City Manager Phil Kamlarz, however, is not in harmony with the cause, citing federal law prohibiting the settlement of former detainees in the U.S.
If you want to know before most people how it all comes out, watch the City Council action live on the web, starting at 7 p.m.
KQED News intern Kyung Jin Lee spoke today with Rita Maran, a member of the Berkeley Peace and Justice Commission, who introduced the resolution:
This issue, of course, has provided amble fodder for Berkeley-bashers, who no doubt imagine Osama Bin Laden getting his own table at Chez Panisse. Here’s a snippet from an American Thinker blog post called “Plant a Tree and Hug a Terrorist:”
…in response to the recommendation of the Peace and Justice Commission, the Berkeley City Council plans to vote on a motion to share a cup of sugar with a terrorist. According to Peace and Justice Commissioner Rita Maran, the proposal is a way to welcome to the community “the kind of people you’d like to have living next door to you or dating your cousin.”

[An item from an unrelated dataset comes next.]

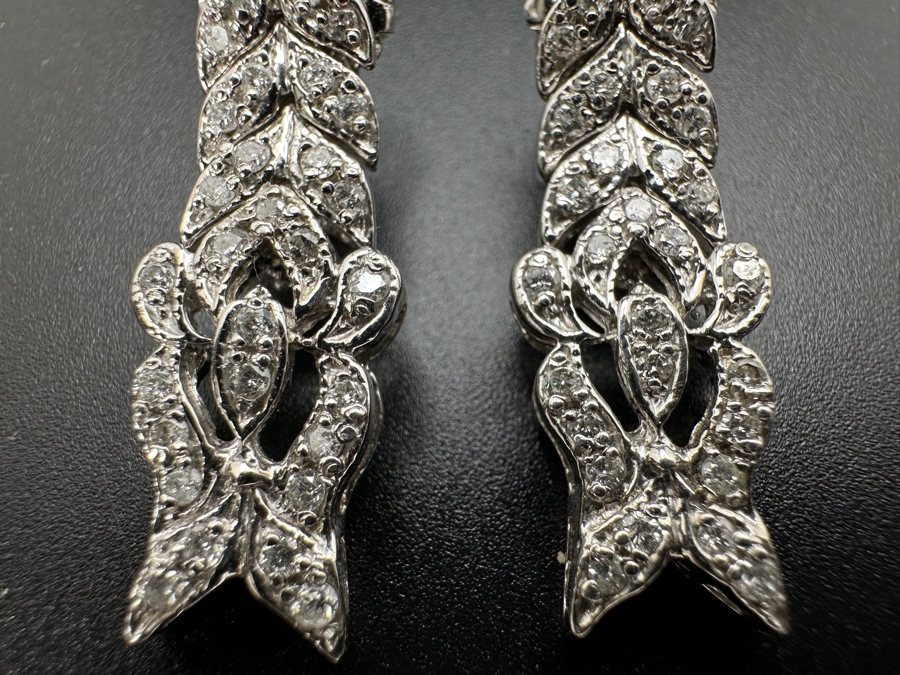 14K Gold (8.6g) Bracelet Link Earrings with ～1.0 cttw Diamonds FMV $1,100 Retail $2,200 [Photo 13]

Receiving “new neighbors” from Guantanamo Bay could make the home to heiress/bank robber Patty Hearst, the late LSD guru Dr. Timothy Leary, and deceased Communist-poet Allen Ginsberg even more notorious than before.

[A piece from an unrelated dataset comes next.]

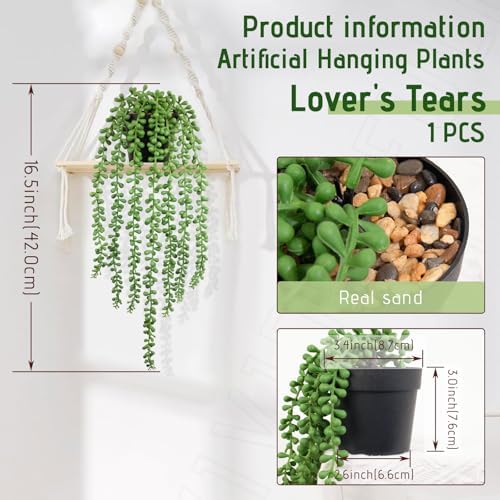 Realistic Artificial String of Pearls Plant - Faux Hanging Succulent Trailing Plant with Black Pot, Natural-Looking Small Potted Faux Plant Indoor Outdoor for Home Office Shelf Decor - Image 2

Chronicle columnist Debra Saunders has a marginally less loathing take on the matter:
The Berkeley City Council remains in the easy seat where talk is cheap. Or as UC Berkeley law professor and former Bush White House attorney John Yoo noted, “It’s the perfect combination of futility and stupidity. It is futile, because what happens to Gitmo detainees is up to the federal government. It is stupid because only Berkeley would want to be a magnet for resettlement of Gitmo detainees.”
Pity the poor Peace and Justice crowd. Gone is the cheap thrill of pretending that all of America’s problems would go away if only George W. Bush weren’t in the White House. So in a new act of fiction, Berzerkeley plays make-believe by pretending that two Gitmo detainees should be dating your cousin.
(For a refutation of the case Saunders makes against two detainees cited by Berkeley as possible settlement candidates, check out this Firedoglake post.)
Just recently the city also took another p.r. pounding, on the now-delayed vote to honor Wikileaks’ whistleblower Bradley Manning. And it’s true — what some may consider to be misguided dogooderism does make a tempting target.
But don’t you think there’s something appealing about a place that always tries to do the right thing, even if it doesn’t always get it right?